You are right and it does actually. [Another combiner](https://github.com/llvm/llvm-project/blob/6c7a3f80e75de36f2642110a077664e948d9e7e3/llvm/lib/CodeGen/GlobalISel/CombinerHelper.cpp#L475) turns the shufflevector into a `G_CONCAT_VECTORS`, which is a consequence of this combiner being there. This is where the performance improvements in the tests come from. For example, it turns the large sequence of operations in [arm64-neon-copy.ll](https://github.com/llvm/llvm-project/pull/110545/commits/d3edbb416eab0ada38ac0146f1de61507039e608#diff-7f02a23a0657bd646f3015c3e828c7cd50f0cda5aec72f4536766f97b4c67cf2L1925) into a shufflevector which is then turned into a `G_CONCAT_VECTORS`

I didn't mention it since it a consequence of another combiner kicking in, although this is an intentional effect. Probably should have put a comment explaining the speedups for the cases where it conforms to the Selection DAG output, but I didn't want to overload the PR with additional comments. Apologies for the confusion I caused by that oversight.
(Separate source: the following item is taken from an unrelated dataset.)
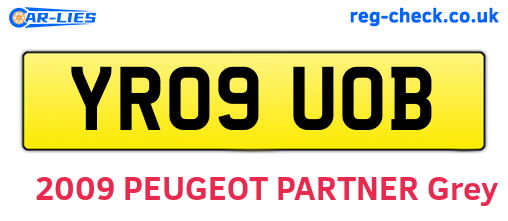 YR09UOB are the vehicle registration plates.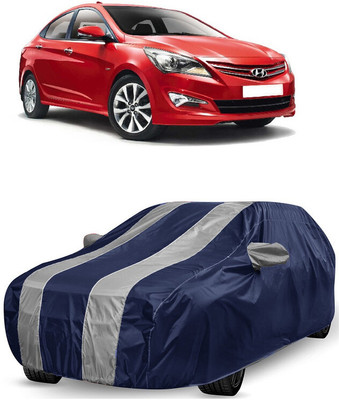 ANTOFY Car Cover For Hyundai Verna 1.6 CRDi S (With Mirror Pockets)(White, Blue)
> More specific operations are usually faster and they're also easier for other optimizations to reason about. Shuffles suffer from the problem that they're more opaque unless we do expensive analysis.

The background of the PR is that I worked during my internship on extending the analysis of shufflevectors and replacing them with more specific opcodes. By pulling these sequences into a shufflevector, the analysis is run on it and then either the sequence is replaced by an equivalent opcode or the shufflevector is lowered, in the generic case, into the exact same sequence as it was before. You mention that is the analysis is expensive, which is true, but we are already running this analysis for [shufflevectors](https://github.com/llvm/llvm-project/blob/main/llvm/lib/CodeGen/GlobalISel/CombinerHelper.cpp#L475) and I am hoping that the speed improvements in the generated code will make up for the additional compile overhead.

With some luck my previous company will let me upstream that code and allow me to implement some of the ideas I have with regards of reducing the cost of this analysis. But no promises. 

https://github.com/llvm/llvm-project/pull/110545